Just this past June, 7-time winner, Lance Armstrong, was formally charged by the U.S. Anti-Doping Agency for failed drug tests during competition. The USADA is seeking to strip him of his 7 Tour titles. Not only is Armstrong deep in the dope wringer, but we all remember Floyd Landis’ 2006 victory being stripped after testing positive for high testosterone ratios. He proclaimed his innocence almost as loudly as Wiggin’s defend’s his today.

It’s not just the Americans that have been cheating either. Alberto Contador, winner of the 2007, 2009 and 2010 Tour De France tested positive after 2010′s event and was stripped of his title. He even claimed it was bad meat that caused the posistive test. It’s gotten so that a win is almost a tacit admission of cheating.

Not so this year. According to Wiggins, the event is “‘a lot more human now with everything the UCI is doing.’” UCI stands for Union Internationale Cycliste, the body that governs the sport. Wiggins is also perturbed that some are calling this year’s race boring, saying “Quite often, the people who say it’s boring are the ones who say `he’s on drugs anyway.”’

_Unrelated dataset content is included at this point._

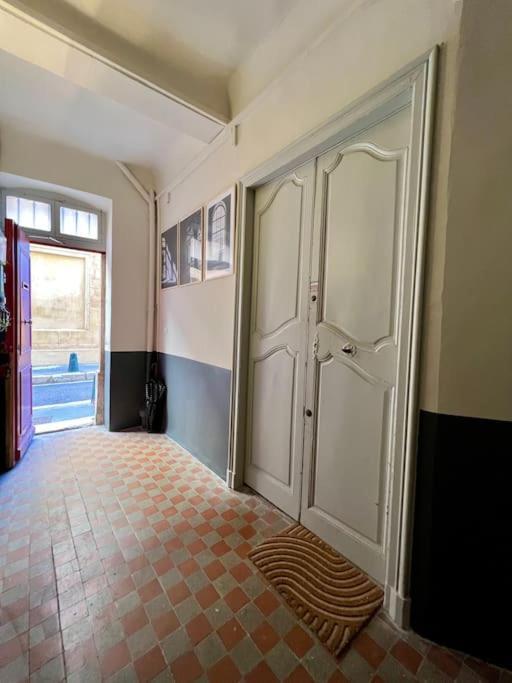 Appartement Petit Cocon Avec Vue Dernier Etage - Mazarin 1833 *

So many top-tier riders–the actual winners and contenders in cycling’s most prestigious event–have tested positive, winners have to defend themselves of wrong-doing when no evidence has even been presented. By all accounts, Andy Wiggins is telling the truth and he won this year’s race fair and square, but it’s cycling’s veneer of corruption that’s made this year’s winner get defensive before he’d been accused of anything or even before the race had finished.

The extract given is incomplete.